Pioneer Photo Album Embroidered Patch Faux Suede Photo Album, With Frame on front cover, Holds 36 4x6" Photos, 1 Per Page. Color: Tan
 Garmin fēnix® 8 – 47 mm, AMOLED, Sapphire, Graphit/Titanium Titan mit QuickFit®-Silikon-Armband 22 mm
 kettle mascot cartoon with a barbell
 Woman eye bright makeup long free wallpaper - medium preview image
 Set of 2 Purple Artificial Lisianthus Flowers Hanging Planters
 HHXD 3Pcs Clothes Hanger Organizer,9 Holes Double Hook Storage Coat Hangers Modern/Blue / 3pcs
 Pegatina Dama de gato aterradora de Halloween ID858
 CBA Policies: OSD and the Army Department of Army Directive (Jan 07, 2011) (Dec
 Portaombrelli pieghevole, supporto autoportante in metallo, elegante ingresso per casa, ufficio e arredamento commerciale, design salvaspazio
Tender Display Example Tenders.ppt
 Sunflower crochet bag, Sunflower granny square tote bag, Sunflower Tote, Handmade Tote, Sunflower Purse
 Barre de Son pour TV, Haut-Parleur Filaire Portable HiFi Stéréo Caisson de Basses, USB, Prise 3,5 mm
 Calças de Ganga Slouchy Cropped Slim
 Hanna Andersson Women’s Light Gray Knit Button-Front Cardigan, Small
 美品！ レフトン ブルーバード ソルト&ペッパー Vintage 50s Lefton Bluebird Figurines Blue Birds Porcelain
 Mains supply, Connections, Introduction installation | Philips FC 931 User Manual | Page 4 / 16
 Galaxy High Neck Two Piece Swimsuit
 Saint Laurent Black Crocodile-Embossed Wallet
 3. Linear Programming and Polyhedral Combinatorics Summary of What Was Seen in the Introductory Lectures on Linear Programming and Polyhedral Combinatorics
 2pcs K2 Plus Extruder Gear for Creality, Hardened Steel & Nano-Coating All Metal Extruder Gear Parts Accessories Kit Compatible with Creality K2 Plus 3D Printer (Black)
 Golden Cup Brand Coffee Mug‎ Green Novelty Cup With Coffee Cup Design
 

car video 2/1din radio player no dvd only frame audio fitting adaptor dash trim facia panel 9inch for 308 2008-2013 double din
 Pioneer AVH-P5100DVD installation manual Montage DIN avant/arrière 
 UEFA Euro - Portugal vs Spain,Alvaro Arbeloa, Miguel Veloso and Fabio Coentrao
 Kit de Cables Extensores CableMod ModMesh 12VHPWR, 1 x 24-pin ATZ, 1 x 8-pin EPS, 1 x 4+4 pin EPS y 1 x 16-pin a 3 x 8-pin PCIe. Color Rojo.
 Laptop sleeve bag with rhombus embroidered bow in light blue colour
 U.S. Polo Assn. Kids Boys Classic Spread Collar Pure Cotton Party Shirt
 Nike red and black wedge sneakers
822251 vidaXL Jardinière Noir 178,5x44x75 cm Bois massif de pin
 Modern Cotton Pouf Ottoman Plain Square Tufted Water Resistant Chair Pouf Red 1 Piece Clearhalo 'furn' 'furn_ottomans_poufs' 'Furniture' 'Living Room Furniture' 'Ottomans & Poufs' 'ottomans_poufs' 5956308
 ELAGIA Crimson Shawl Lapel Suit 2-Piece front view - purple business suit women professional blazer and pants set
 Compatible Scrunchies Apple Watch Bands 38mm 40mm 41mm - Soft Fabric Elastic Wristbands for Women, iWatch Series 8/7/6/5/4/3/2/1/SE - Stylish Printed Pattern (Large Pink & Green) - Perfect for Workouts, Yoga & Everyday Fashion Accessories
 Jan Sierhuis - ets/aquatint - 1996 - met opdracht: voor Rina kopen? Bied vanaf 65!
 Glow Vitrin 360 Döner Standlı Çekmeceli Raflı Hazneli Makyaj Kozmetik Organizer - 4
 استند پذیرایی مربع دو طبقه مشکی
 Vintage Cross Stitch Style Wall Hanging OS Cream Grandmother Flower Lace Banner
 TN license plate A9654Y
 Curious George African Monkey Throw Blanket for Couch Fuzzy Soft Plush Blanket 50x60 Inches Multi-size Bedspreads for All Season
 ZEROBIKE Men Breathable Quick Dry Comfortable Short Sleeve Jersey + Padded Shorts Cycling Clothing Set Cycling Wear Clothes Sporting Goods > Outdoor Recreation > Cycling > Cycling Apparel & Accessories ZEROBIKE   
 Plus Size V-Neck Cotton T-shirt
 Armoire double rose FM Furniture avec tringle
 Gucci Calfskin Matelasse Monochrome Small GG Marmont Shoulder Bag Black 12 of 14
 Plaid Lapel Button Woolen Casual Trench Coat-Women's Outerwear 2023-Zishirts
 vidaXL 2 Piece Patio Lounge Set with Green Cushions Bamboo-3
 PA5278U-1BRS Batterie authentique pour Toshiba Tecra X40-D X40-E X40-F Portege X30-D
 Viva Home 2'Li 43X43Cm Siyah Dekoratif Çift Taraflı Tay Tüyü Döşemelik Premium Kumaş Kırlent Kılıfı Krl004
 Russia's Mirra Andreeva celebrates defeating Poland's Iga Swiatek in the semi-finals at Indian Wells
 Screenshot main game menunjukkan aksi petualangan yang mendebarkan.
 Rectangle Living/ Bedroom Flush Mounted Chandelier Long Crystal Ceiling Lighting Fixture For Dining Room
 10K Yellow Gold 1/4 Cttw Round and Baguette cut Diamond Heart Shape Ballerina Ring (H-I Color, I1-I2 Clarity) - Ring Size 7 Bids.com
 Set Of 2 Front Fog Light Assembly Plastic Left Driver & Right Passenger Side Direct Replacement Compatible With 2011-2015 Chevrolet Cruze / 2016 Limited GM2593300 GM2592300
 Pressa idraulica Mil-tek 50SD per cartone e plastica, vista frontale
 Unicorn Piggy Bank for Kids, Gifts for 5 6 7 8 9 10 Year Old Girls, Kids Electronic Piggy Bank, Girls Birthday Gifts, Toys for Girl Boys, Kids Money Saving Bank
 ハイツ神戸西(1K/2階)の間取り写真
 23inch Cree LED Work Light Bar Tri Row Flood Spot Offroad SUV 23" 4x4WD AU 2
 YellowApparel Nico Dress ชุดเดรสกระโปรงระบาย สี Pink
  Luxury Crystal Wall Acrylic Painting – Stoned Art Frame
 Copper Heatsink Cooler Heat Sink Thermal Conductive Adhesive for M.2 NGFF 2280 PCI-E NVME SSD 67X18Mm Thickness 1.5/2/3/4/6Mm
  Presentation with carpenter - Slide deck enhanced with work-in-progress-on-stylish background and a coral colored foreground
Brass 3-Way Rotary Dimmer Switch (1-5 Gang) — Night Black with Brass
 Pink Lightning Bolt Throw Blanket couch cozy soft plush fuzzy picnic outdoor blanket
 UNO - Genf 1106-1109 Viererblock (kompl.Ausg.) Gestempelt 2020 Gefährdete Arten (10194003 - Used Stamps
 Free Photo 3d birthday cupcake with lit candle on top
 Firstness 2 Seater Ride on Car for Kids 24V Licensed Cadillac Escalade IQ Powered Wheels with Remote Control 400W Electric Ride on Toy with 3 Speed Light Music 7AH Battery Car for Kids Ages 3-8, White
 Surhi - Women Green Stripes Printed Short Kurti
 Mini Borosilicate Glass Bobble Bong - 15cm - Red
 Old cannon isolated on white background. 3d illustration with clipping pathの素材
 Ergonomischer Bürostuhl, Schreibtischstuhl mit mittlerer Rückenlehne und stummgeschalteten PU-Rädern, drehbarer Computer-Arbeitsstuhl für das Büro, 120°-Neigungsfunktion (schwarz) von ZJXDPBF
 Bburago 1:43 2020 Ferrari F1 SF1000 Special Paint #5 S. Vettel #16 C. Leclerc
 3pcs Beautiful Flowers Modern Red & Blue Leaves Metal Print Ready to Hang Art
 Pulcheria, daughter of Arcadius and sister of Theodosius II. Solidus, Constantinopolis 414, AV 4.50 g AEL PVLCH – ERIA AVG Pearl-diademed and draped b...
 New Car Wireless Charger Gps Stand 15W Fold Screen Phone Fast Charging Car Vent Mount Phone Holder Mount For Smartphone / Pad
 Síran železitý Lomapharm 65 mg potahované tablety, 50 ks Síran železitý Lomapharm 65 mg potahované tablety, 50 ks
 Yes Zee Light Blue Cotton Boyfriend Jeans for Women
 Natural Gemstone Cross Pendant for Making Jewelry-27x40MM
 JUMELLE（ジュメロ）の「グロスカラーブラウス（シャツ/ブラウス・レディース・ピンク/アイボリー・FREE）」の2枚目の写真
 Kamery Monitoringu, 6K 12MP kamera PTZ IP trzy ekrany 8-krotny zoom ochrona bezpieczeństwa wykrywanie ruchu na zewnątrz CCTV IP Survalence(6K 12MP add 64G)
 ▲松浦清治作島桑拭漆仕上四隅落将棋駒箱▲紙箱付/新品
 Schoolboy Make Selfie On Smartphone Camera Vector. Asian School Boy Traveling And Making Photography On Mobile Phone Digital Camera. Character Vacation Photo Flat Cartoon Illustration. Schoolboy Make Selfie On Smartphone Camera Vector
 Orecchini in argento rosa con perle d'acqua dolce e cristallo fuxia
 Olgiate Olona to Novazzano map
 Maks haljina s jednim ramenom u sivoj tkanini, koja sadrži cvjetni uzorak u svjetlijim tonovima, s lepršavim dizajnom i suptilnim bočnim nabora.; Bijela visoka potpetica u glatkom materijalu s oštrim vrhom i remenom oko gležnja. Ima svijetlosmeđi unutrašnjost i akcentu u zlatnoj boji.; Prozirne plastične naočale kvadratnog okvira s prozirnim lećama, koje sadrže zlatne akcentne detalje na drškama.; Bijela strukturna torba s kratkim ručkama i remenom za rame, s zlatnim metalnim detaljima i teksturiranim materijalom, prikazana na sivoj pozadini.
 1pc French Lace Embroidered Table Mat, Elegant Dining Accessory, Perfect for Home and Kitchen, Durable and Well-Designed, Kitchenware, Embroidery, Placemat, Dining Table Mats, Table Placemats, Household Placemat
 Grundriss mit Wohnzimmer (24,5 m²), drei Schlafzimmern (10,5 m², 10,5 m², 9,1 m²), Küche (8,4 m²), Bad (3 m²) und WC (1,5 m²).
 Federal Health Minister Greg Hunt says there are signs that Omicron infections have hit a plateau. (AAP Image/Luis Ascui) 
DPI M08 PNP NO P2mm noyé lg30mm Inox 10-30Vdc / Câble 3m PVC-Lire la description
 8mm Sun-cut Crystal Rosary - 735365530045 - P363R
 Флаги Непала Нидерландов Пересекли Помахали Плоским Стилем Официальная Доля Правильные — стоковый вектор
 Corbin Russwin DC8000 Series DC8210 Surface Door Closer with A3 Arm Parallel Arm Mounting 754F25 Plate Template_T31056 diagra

__WHAT YOU WILL DO__.
Copy, exactly and only, the lines above that begin with the one containing "Pressa idraulica Mil-tek" and finish with the one containing "YellowApparel Nico Dress".

__TASK OUTPUT__.
 Pressa idraulica Mil-tek 50SD per cartone e plastica, vista frontale
 Unicorn Piggy Bank for Kids, Gifts for 5 6 7 8 9 10 Year Old Girls, Kids Electronic Piggy Bank, Girls Birthday Gifts, Toys for Girl Boys, Kids Money Saving Bank
 ハイツ神戸西(1K/2階)の間取り写真
 23inch Cree LED Work Light Bar Tri Row Flood Spot Offroad SUV 23" 4x4WD AU 2
 YellowApparel Nico Dress ชุดเดรสกระโปรงระบาย สี Pink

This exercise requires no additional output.